Task description:
Each line in the material below, starting at the one with "Three-day money-back guarantee." and ending at the one with "Minerals are the", is to be reproduced exactly; no picture is to be copied.

Extracted information:
+ + + + + + +

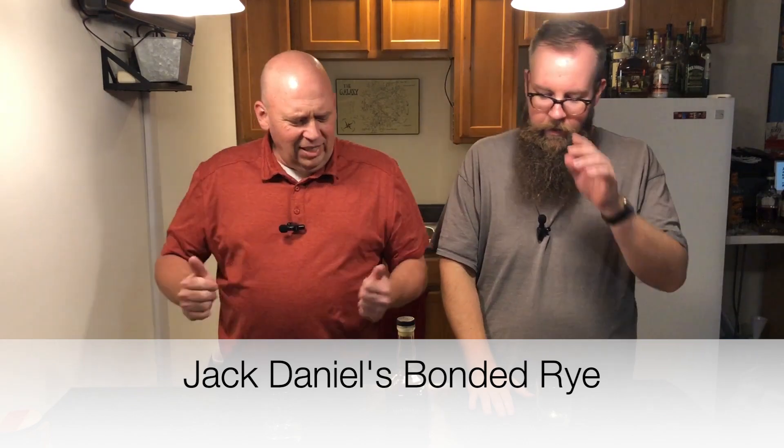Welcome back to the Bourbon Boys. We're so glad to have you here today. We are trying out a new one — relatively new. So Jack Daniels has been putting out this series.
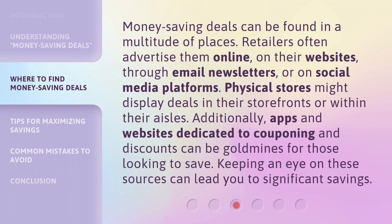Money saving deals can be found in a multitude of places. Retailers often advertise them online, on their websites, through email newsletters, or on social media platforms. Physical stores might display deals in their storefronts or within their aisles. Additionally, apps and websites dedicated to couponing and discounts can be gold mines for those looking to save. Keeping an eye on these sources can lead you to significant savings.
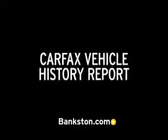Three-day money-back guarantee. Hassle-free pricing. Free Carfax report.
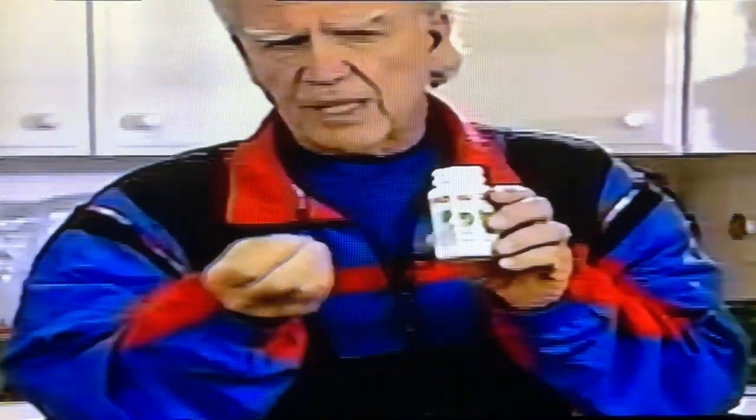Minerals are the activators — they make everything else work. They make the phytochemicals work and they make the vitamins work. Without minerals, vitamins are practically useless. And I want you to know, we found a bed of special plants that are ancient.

+ + + + + + +

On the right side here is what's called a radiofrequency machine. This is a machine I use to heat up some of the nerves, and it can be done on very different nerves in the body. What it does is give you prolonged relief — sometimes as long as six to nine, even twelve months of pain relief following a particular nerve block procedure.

+ + + + + + +

Output:
Three-day money-back guarantee. Hassle-free pricing. Free Carfax report.
Minerals are the activators — they make everything else work. They make the phytochemicals work and they make the vitamins work. Without minerals, vitamins are practically useless. And I want you to know, we found a bed of special plants that are ancient.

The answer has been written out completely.